Data extract:
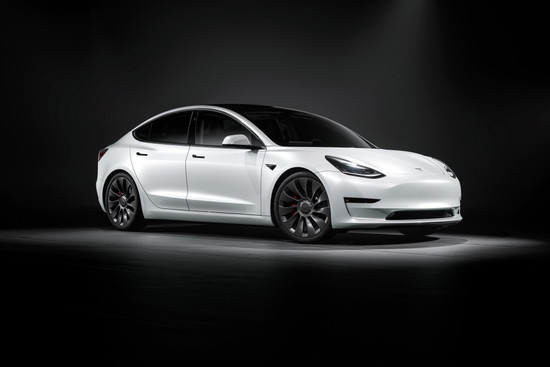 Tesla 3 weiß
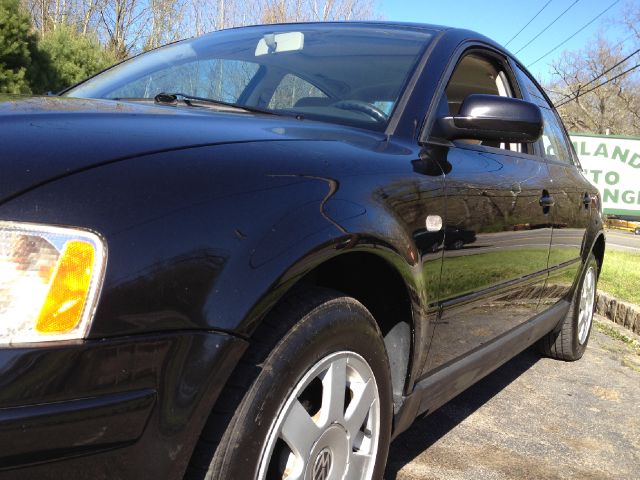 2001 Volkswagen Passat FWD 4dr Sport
--
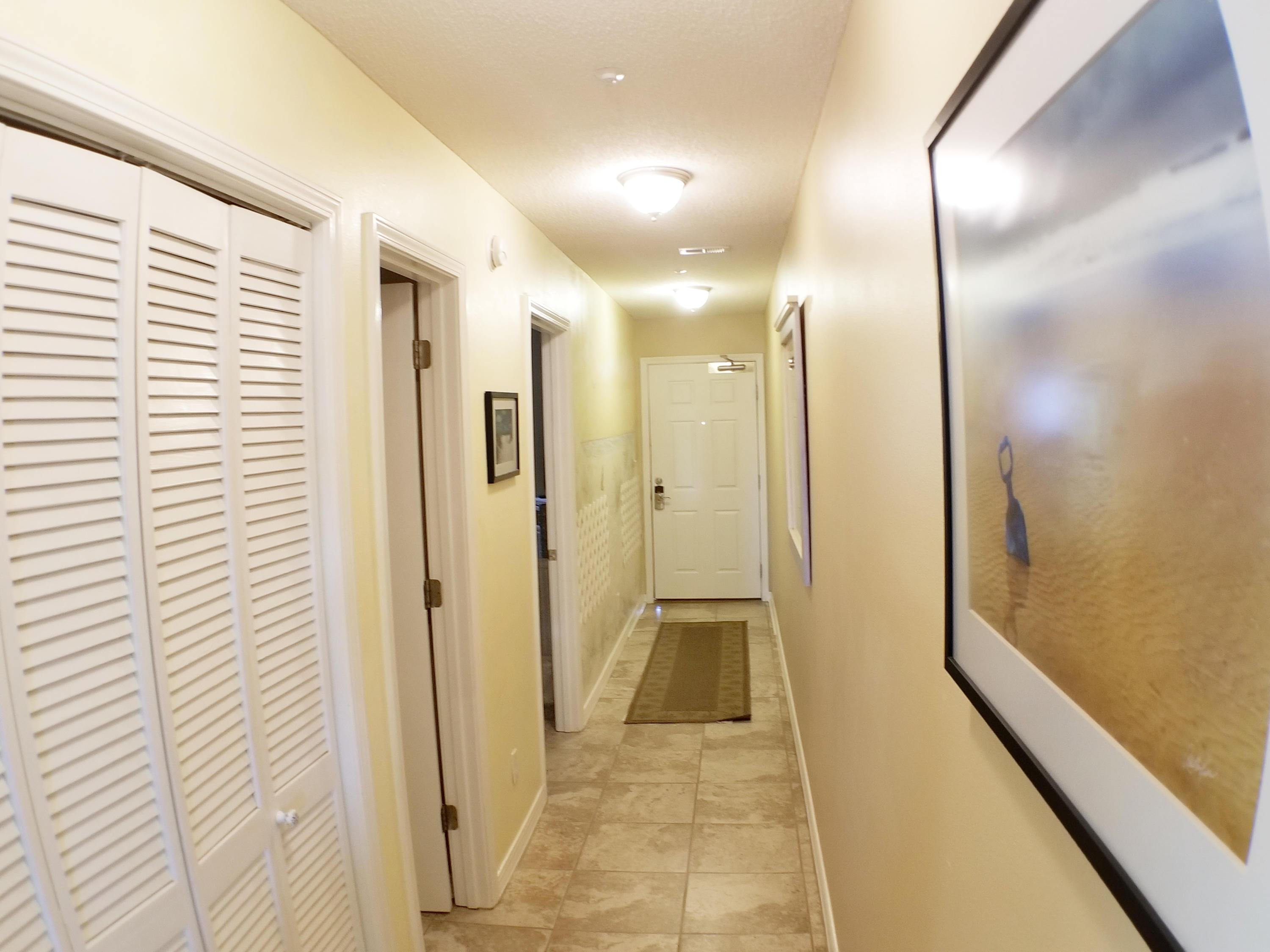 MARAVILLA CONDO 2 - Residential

What the task asks:
Taking the records above, print only and exactly the lines from the line with "Tesla 3 weiß" to the line with "2001 Volkswagen Passat FWD 4dr Sport", both kept, and exclude pictures.

Solution to the exercise:
 Tesla 3 weiß
 2001 Volkswagen Passat FWD 4dr Sport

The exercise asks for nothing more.